TASK BRIEF
Write out once more the lines running from the top of the entries below to the line with "bitcoin normativa", both ends included.

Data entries
<<<<
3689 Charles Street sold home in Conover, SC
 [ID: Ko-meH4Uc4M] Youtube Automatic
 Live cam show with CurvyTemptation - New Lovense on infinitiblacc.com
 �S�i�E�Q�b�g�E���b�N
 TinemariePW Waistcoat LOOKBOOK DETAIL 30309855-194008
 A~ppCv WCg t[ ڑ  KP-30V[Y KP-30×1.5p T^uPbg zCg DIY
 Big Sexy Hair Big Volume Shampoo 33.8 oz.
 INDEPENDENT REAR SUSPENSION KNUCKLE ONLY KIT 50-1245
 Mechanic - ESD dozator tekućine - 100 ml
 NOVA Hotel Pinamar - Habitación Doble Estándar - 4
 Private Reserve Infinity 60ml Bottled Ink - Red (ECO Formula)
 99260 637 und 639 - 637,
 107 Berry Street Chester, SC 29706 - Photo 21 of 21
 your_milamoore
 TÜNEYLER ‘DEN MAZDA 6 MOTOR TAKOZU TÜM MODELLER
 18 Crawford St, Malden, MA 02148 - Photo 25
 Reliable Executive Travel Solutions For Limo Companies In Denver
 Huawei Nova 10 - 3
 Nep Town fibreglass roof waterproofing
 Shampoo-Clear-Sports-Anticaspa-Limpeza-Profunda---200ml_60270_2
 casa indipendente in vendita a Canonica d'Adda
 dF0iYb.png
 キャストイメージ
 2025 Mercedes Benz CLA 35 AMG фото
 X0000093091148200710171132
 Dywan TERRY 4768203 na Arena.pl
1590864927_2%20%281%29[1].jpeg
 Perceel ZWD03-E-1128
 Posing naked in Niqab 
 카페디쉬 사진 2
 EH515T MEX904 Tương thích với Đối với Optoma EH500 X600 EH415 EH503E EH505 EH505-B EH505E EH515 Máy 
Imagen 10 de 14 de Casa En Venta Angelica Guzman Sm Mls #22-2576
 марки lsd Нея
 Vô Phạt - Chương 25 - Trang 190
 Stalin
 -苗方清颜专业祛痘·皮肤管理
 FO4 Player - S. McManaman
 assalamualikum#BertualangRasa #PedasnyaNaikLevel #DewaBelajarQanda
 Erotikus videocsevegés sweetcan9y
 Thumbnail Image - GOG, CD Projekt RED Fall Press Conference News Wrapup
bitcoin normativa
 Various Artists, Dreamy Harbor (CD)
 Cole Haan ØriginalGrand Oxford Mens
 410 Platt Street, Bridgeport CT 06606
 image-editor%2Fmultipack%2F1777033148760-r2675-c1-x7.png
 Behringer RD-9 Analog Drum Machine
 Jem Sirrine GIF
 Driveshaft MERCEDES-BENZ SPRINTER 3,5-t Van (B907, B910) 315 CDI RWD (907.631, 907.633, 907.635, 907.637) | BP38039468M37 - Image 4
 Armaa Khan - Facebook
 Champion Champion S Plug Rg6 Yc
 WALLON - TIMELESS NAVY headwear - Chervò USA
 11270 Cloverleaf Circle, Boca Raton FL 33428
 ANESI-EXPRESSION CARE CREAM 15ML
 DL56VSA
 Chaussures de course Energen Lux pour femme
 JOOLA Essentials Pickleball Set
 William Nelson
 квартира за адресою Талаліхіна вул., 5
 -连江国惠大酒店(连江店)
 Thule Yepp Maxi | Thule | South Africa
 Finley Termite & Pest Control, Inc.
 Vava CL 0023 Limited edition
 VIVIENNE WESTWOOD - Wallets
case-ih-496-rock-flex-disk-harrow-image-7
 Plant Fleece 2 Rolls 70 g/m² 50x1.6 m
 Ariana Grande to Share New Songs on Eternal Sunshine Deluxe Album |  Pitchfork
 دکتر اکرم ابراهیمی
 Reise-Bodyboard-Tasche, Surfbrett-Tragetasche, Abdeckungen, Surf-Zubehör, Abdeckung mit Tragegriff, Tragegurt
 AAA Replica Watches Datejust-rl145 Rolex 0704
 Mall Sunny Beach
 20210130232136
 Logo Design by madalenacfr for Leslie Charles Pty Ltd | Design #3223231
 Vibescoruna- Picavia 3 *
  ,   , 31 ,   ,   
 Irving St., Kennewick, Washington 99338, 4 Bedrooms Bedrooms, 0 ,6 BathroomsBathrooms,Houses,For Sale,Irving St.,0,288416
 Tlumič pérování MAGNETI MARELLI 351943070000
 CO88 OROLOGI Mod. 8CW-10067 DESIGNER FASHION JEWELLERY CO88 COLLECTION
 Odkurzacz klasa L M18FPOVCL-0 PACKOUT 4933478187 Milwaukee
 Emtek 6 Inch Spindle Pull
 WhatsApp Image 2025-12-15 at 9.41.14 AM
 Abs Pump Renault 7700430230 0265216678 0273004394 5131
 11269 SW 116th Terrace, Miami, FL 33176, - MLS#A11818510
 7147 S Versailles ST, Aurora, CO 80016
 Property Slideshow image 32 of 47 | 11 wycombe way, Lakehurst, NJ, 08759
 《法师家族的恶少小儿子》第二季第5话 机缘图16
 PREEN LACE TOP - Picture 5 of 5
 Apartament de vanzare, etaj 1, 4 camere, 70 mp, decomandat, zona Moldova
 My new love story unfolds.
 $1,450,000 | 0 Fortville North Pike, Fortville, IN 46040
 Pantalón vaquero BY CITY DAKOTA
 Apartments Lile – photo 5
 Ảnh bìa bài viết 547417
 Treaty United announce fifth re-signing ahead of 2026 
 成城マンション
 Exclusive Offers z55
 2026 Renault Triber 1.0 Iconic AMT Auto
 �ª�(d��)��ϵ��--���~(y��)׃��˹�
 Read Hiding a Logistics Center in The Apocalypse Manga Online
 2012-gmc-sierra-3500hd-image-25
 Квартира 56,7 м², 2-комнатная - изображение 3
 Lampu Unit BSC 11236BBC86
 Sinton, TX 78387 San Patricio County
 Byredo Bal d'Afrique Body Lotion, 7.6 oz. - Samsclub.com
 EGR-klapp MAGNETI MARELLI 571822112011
>>>>
RESPONSE TO THE TASK
3689 Charles Street sold home in Conover, SC
 [ID: Ko-meH4Uc4M] Youtube Automatic
 Live cam show with CurvyTemptation - New Lovense on infinitiblacc.com
 �S�i�E�Q�b�g�E���b�N
 TinemariePW Waistcoat LOOKBOOK DETAIL 30309855-194008
 A~ppCv WCg t[ ڑ  KP-30V[Y KP-30×1.5p T^uPbg zCg DIY
 Big Sexy Hair Big Volume Shampoo 33.8 oz.
 INDEPENDENT REAR SUSPENSION KNUCKLE ONLY KIT 50-1245
 Mechanic - ESD dozator tekućine - 100 ml
 NOVA Hotel Pinamar - Habitación Doble Estándar - 4
 Private Reserve Infinity 60ml Bottled Ink - Red (ECO Formula)
 99260 637 und 639 - 637,
 107 Berry Street Chester, SC 29706 - Photo 21 of 21
 your_milamoore
 TÜNEYLER ‘DEN MAZDA 6 MOTOR TAKOZU TÜM MODELLER
 18 Crawford St, Malden, MA 02148 - Photo 25
 Reliable Executive Travel Solutions For Limo Companies In Denver
 Huawei Nova 10 - 3
 Nep Town fibreglass roof waterproofing
 Shampoo-Clear-Sports-Anticaspa-Limpeza-Profunda---200ml_60270_2
 casa indipendente in vendita a Canonica d'Adda
 dF0iYb.png
 キャストイメージ
 2025 Mercedes Benz CLA 35 AMG фото
 X0000093091148200710171132
 Dywan TERRY 4768203 na Arena.pl
1590864927_2%20%281%29[1].jpeg
 Perceel ZWD03-E-1128
 Posing naked in Niqab 
 카페디쉬 사진 2
 EH515T MEX904 Tương thích với Đối với Optoma EH500 X600 EH415 EH503E EH505 EH505-B EH505E EH515 Máy 
Imagen 10 de 14 de Casa En Venta Angelica Guzman Sm Mls #22-2576
 марки lsd Нея
 Vô Phạt - Chương 25 - Trang 190
 Stalin
 -苗方清颜专业祛痘·皮肤管理
 FO4 Player - S. McManaman
 assalamualikum#BertualangRasa #PedasnyaNaikLevel #DewaBelajarQanda
 Erotikus videocsevegés sweetcan9y
 Thumbnail Image - GOG, CD Projekt RED Fall Press Conference News Wrapup
bitcoin normativa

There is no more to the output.